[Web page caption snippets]

*-*-*

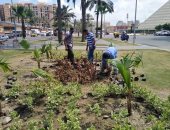 محافظة الإسكندرية: زرعنا 300 ألف شجرة منذ إطلاق المبادرة الرئاسية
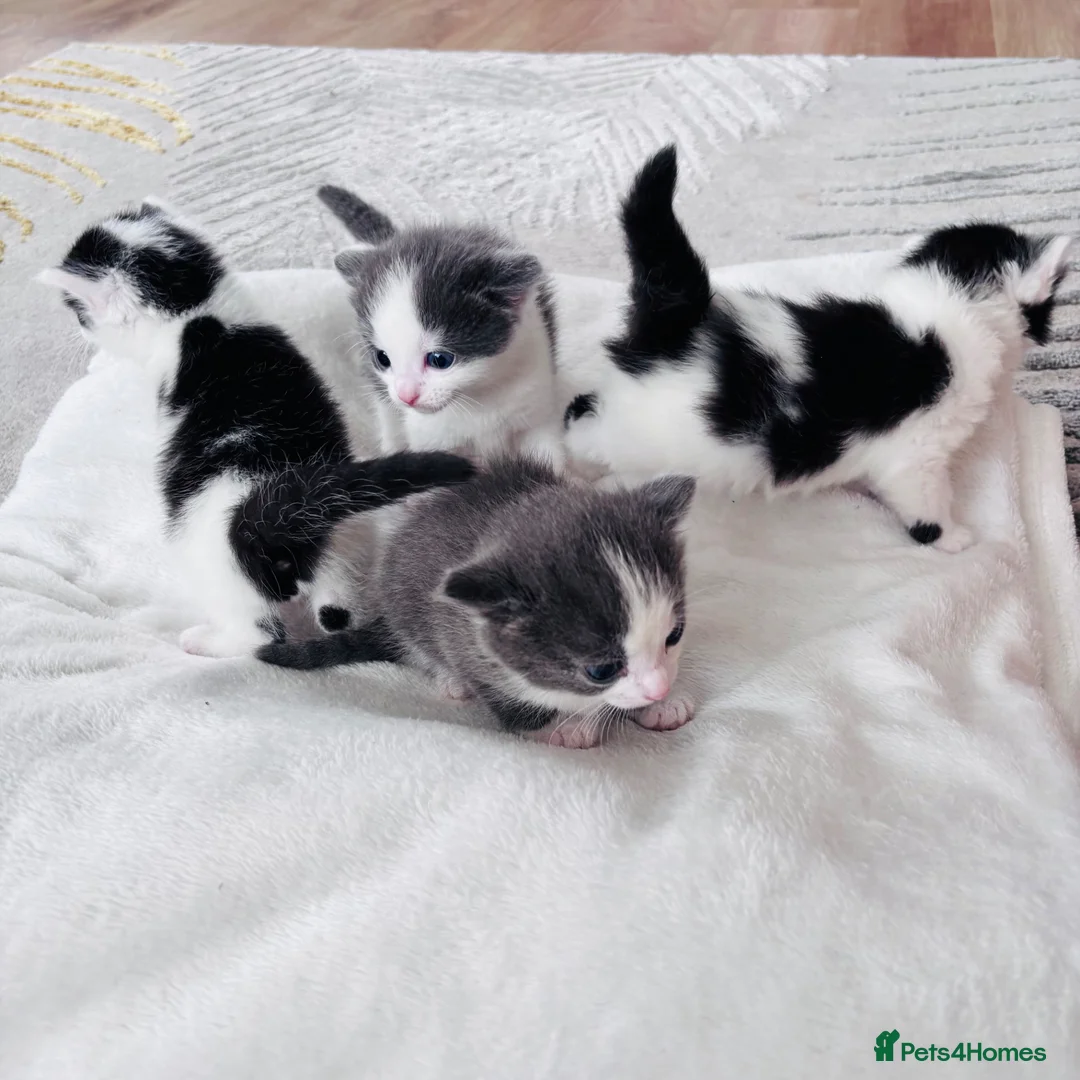 Ragdoll cats for sale: Four gorgeous kittens - Advert 1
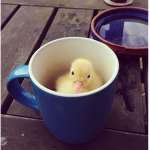 Frogs&DucksCo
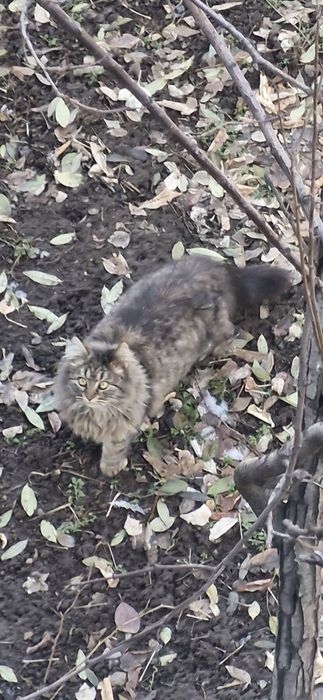 Котятя в добрые руки!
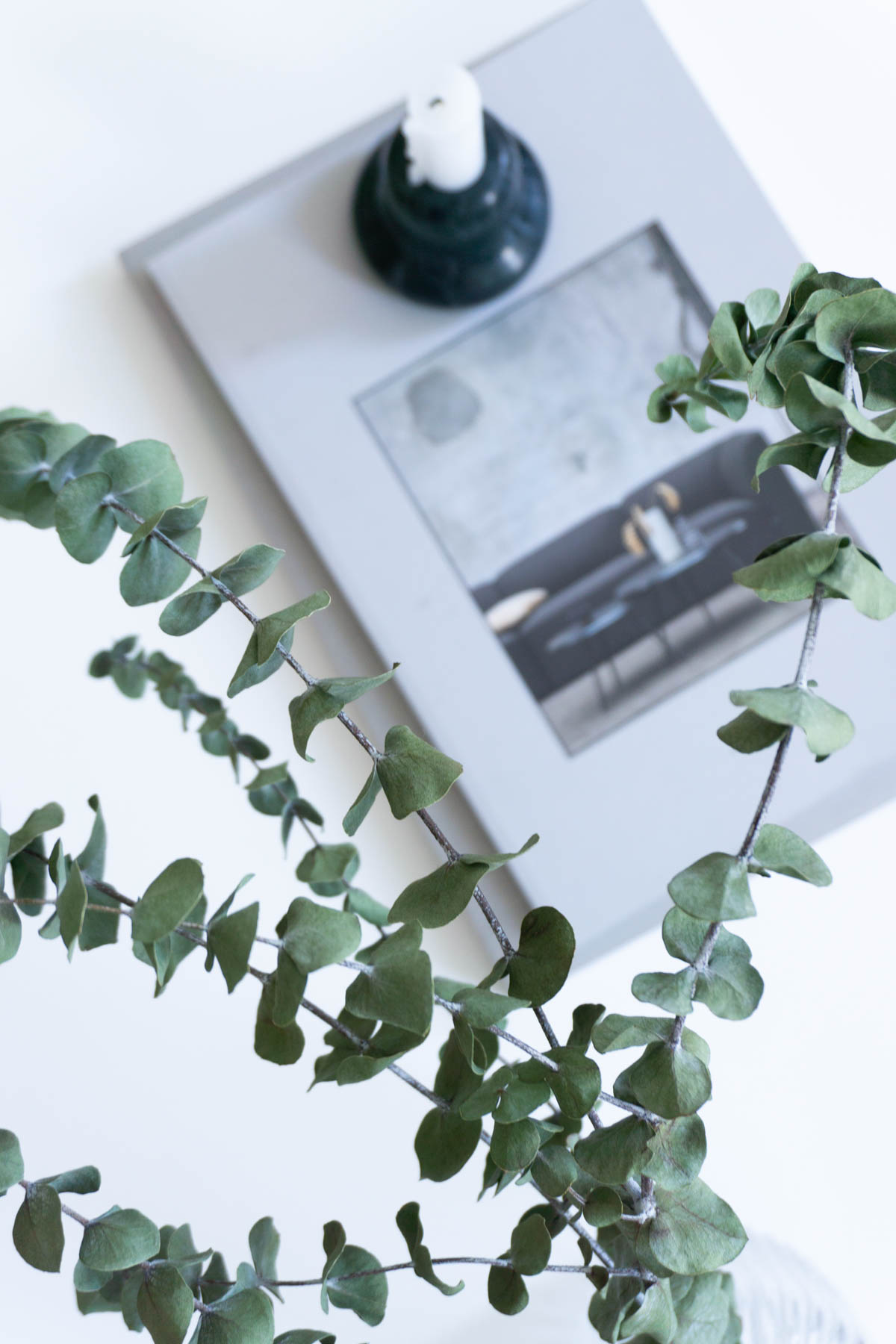 Eucalyptus, Minimalist Living Room, Scandinavian Home - Berlin Flat Rebecca Goddard - RG Daily Blog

*-*-*

The records above need to be copied exactly, with the pictures left out.

• [Task result]
 محافظة الإسكندرية: زرعنا 300 ألف شجرة منذ إطلاق المبادرة الرئاسية
 Ragdoll cats for sale: Four gorgeous kittens - Advert 1
 Frogs&DucksCo
 Котятя в добрые руки!
 Eucalyptus, Minimalist Living Room, Scandinavian Home - Berlin Flat Rebecca Goddard - RG Daily Blog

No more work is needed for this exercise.